→ **Your goal**:
The listing must be copied out in full and exactly; no images go with it.

→ **Supplied material**:
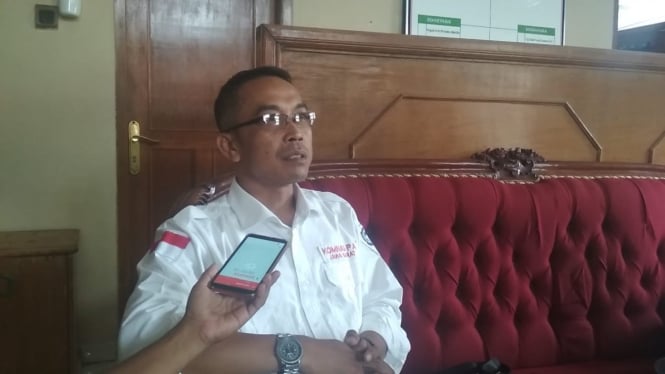 Ahmad Rizal Enggang, Kepala Bagian Hubungan Antarlembaga Komisi Nasional Perlindungan Anak Jawa Barat, ketika ditemui di Garut, Kamis, 25 April 2019.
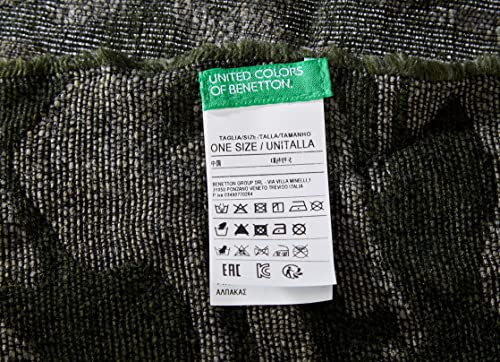 United Colors of Benetton Foulard 6GGJB51V5 Bufanda, Verde 903, Talla única (Pack de 2) para Niños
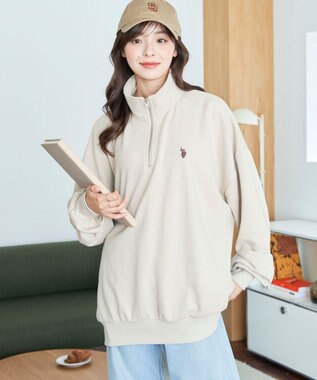 WEGO 【ユニセックス着用ITEM】別注　U.S POLO ASSN.　ハーフZIPPO ライトベージュ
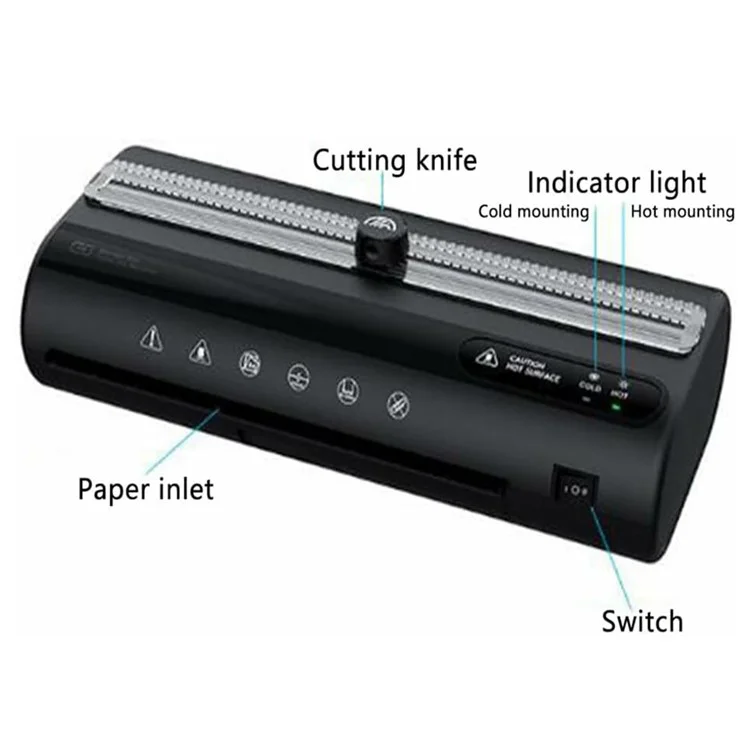 FANGNUO FNL003 A4 Laminator Multi-Function Home Office Hot Press Document Photo Small Laminating Machine - US Plug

→ **Result of the task**:
 Ahmad Rizal Enggang, Kepala Bagian Hubungan Antarlembaga Komisi Nasional Perlindungan Anak Jawa Barat, ketika ditemui di Garut, Kamis, 25 April 2019.
 United Colors of Benetton Foulard 6GGJB51V5 Bufanda, Verde 903, Talla única (Pack de 2) para Niños
 WEGO 【ユニセックス着用ITEM】別注　U.S POLO ASSN.　ハーフZIPPO ライトベージュ
 FANGNUO FNL003 A4 Laminator Multi-Function Home Office Hot Press Document Photo Small Laminating Machine - US Plug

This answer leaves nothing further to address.